### Problem to work on
Look through the entries below for the line with "liquor pouring on a clear shot glass" and the line with "You lay some", then give again exactly those two lines and all lines between them, minus the pictures.

### Records from a data source
--- START ---
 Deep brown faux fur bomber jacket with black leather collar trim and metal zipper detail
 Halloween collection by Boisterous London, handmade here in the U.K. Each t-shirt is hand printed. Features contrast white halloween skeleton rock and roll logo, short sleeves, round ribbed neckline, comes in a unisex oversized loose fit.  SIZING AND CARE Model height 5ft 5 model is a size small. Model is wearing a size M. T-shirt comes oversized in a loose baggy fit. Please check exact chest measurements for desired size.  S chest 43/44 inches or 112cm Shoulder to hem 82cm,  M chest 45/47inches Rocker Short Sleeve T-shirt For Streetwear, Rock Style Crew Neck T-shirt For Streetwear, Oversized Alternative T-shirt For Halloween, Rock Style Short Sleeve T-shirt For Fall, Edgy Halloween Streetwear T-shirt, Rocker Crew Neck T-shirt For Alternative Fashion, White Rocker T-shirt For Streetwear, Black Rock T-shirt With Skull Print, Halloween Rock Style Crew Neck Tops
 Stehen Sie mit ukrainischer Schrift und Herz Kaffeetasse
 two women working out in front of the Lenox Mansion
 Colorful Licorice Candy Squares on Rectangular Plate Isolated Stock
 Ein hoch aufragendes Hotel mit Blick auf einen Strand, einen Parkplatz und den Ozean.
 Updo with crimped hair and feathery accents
--- END ---
--- START ---
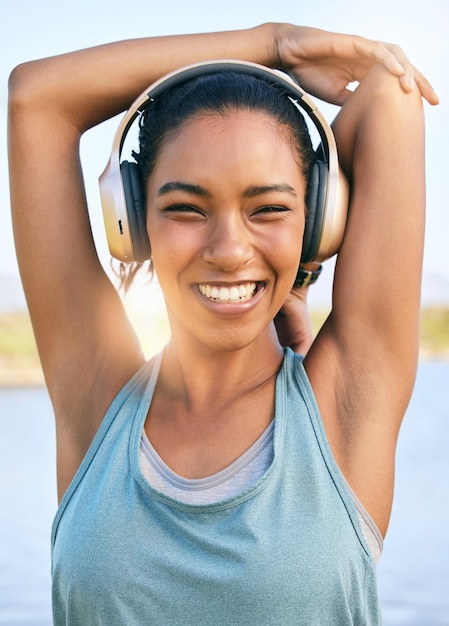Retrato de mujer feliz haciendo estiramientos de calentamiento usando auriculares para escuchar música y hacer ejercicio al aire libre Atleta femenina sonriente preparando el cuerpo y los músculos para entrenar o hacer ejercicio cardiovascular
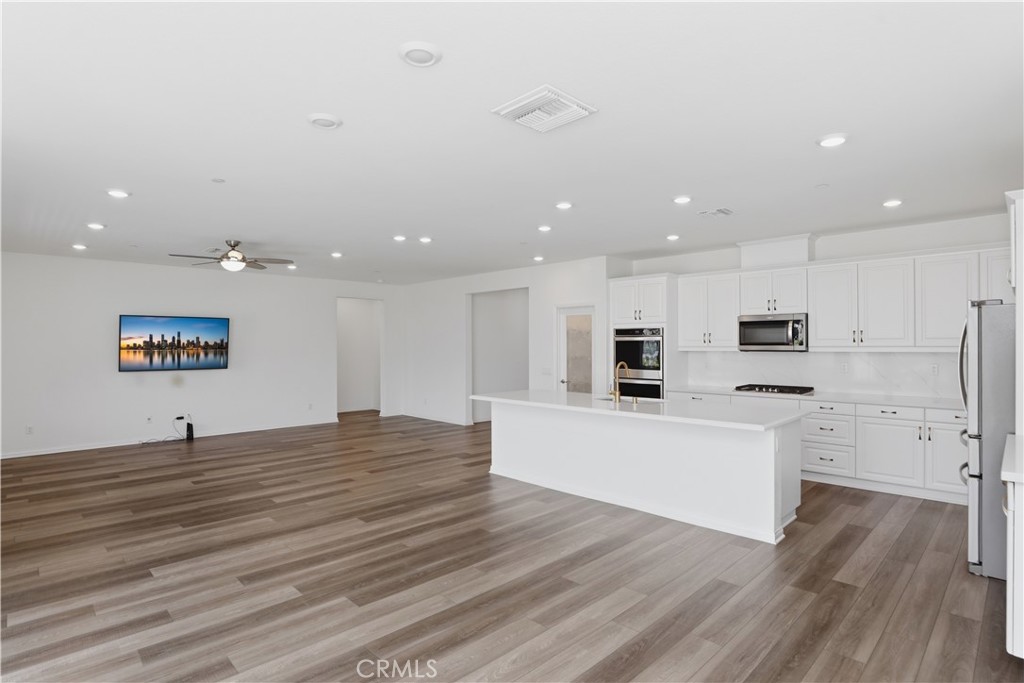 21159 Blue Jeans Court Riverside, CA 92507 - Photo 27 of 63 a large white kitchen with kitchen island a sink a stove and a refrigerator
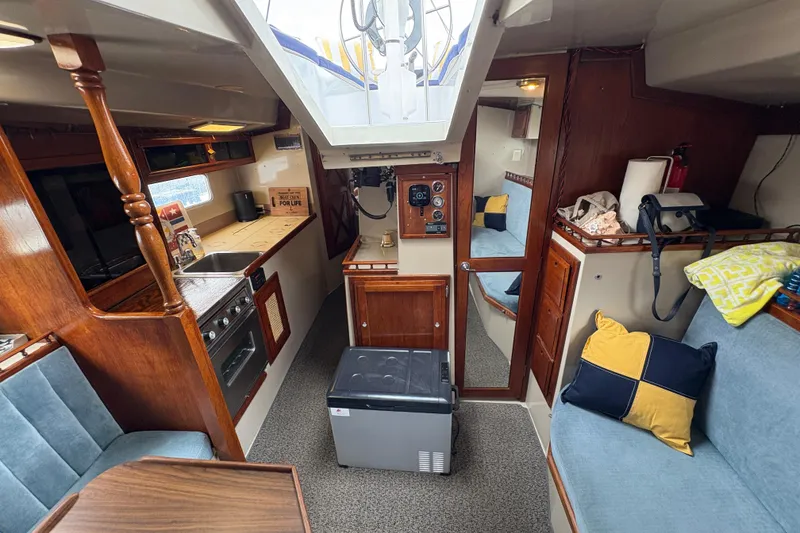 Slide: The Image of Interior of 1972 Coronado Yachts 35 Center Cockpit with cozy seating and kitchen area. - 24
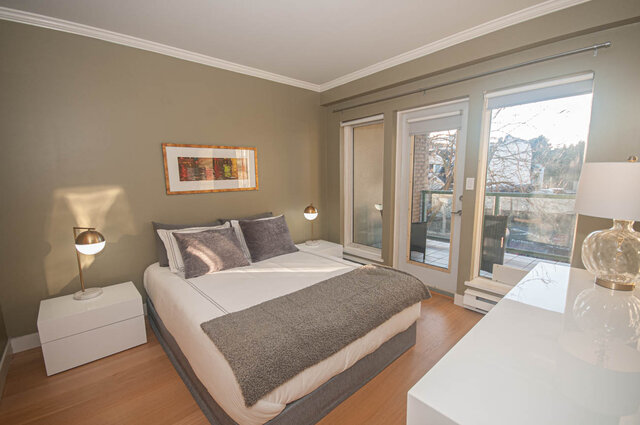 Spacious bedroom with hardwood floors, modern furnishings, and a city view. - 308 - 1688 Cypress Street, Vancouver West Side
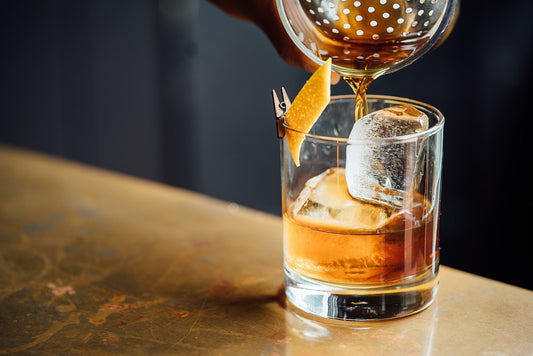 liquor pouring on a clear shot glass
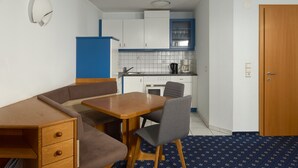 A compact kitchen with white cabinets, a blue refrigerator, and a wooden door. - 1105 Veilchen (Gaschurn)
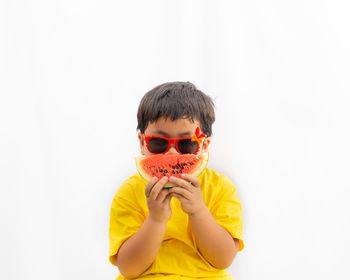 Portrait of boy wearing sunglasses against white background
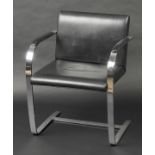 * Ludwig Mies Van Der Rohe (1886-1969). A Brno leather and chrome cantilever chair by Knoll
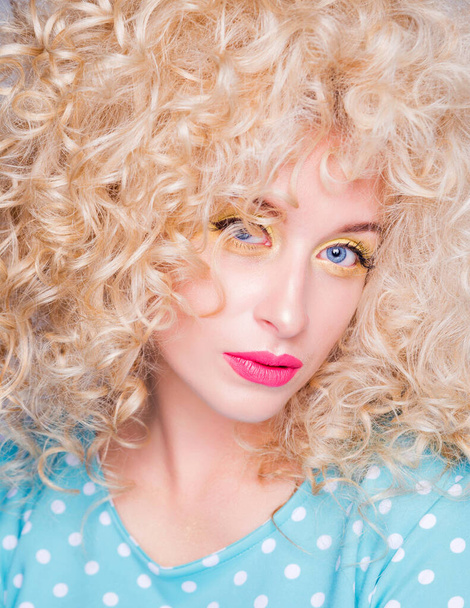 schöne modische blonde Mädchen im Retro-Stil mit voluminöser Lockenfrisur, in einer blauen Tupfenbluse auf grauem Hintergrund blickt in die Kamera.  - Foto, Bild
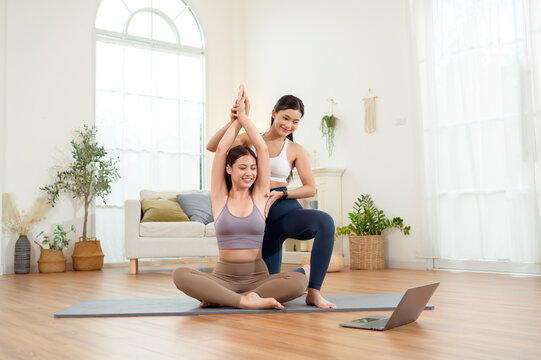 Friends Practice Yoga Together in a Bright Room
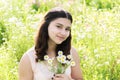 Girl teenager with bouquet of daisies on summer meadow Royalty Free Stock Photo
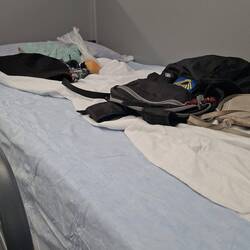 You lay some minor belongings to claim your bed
--- END ---
### Solution for this exercise
 liquor pouring on a clear shot glass
 A compact kitchen with white cabinets, a blue refrigerator, and a wooden door. - 1105 Veilchen (Gaschurn)
 Portrait of boy wearing sunglasses against white background
 * Ludwig Mies Van Der Rohe (1886-1969). A Brno leather and chrome cantilever chair by Knoll
 schöne modische blonde Mädchen im Retro-Stil mit voluminöser Lockenfrisur, in einer blauen Tupfenbluse auf grauem Hintergrund blickt in die Kamera.  - Foto, Bild
 Friends Practice Yoga Together in a Bright Room
 Girl teenager with bouquet of daisies on summer meadow Royalty Free Stock Photo
 You lay some minor belongings to claim your bed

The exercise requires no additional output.